NHS Clinical Commissioning Groups (CCGs) are currently the source of funding for Mildmay's patients, but they themselves are cash-strapped and we have been unable to agree on a funding arrangement for Mildmay, leading to a reduction in referrals by specialist HIV clinicians. People are instead referred to alternative community services and this is resulting in increased pressures elsewhere in the system or bed-blocking, which is ultimately more costly. It is fair to say that it has been difficult for CCGs too, having to deal with Austerity for ten years.

When did you first find out about the possible closure?

We have been in dialogue for nearly three years, but it became a reality in October 2019 as we saw our patient numbers and our finances dwindle past the point of sustainability.

What do you believe will happen to prospective patients?

People will have to spend longer in acute hospital beds before being discharged into the care of community services that are already operating beyond capacity – without any recourse to specialist services that focus on their specific needs, as only Mildmay does. People with advanced HIV-related conditions won't get our specialist care and a chance to recover enough to lead a relatively normal life in the community. They will be at greater risk of prolonged and irreversible mental and physical disability, and even death.

Why has the NHS said it will no longer fund the hospital?

It hasn’t said so directly. But the severe reduction in patient referrals to Mildmay has effectively cut off the charity’s primary source of funding.

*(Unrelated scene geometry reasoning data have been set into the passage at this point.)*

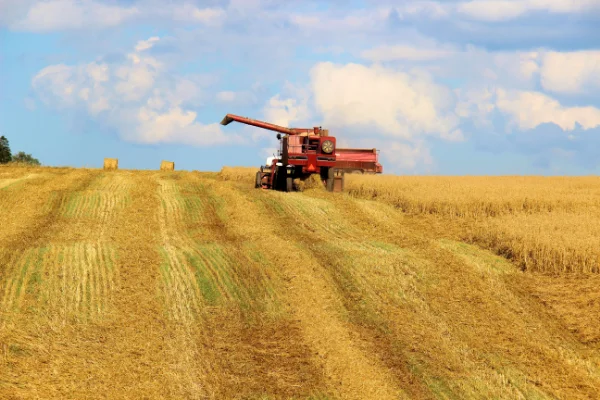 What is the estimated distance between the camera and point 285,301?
13.4 meters

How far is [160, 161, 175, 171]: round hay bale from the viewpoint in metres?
38.7

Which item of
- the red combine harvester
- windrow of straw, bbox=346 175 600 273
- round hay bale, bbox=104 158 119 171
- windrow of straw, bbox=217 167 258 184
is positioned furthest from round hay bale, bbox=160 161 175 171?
windrow of straw, bbox=346 175 600 273

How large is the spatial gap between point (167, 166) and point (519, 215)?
21.6 metres

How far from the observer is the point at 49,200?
72.6 ft

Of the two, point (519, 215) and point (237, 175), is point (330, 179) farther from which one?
point (237, 175)

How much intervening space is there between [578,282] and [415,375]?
6.98 meters

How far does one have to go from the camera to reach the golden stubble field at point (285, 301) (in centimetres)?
1030

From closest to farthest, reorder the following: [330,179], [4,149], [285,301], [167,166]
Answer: [285,301]
[330,179]
[167,166]
[4,149]

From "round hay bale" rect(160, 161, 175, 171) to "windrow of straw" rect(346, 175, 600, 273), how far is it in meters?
11.9

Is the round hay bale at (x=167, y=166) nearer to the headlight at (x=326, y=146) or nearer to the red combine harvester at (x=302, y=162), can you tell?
the red combine harvester at (x=302, y=162)

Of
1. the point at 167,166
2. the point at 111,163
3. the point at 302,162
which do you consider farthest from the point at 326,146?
the point at 111,163

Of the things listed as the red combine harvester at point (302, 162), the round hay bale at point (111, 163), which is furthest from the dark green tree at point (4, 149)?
the red combine harvester at point (302, 162)

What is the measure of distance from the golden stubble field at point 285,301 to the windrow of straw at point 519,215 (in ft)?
0.29

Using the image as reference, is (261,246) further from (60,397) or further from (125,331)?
(60,397) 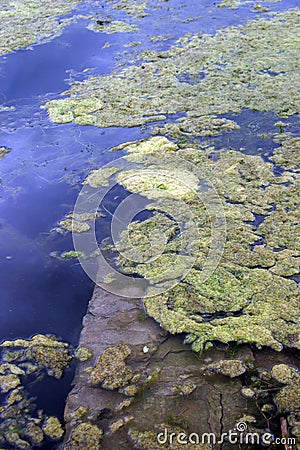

Why is it so important to #SaveMildmay?

Mildmay is a charity, not an NHS or private hospital. It is classified as providing specialist services to the NHS. We are the only UK hospital which provides specialist care for people suffering from HIV-related illnesses and we maintain a pool of expertise and knowledge that is unsurpassed in Europe. Senior clinicians and HIV support services across London and the UK confirm that there is a high demand for Mildmay’s services amongst people living with HIV. Nearly half of people newly diagnosed in 2018 (43%) were diagnosed late, meaning that their immune system had already been damaged, and they are 10 times more likely to die in the 12 months after diagnosis. There is also a continuing need for the HIV population as they grow older, both because of the damage the virus has done to their bodies over time ( see Ada's story) or, in some cases, the harmful effect of some of the early HIV medications.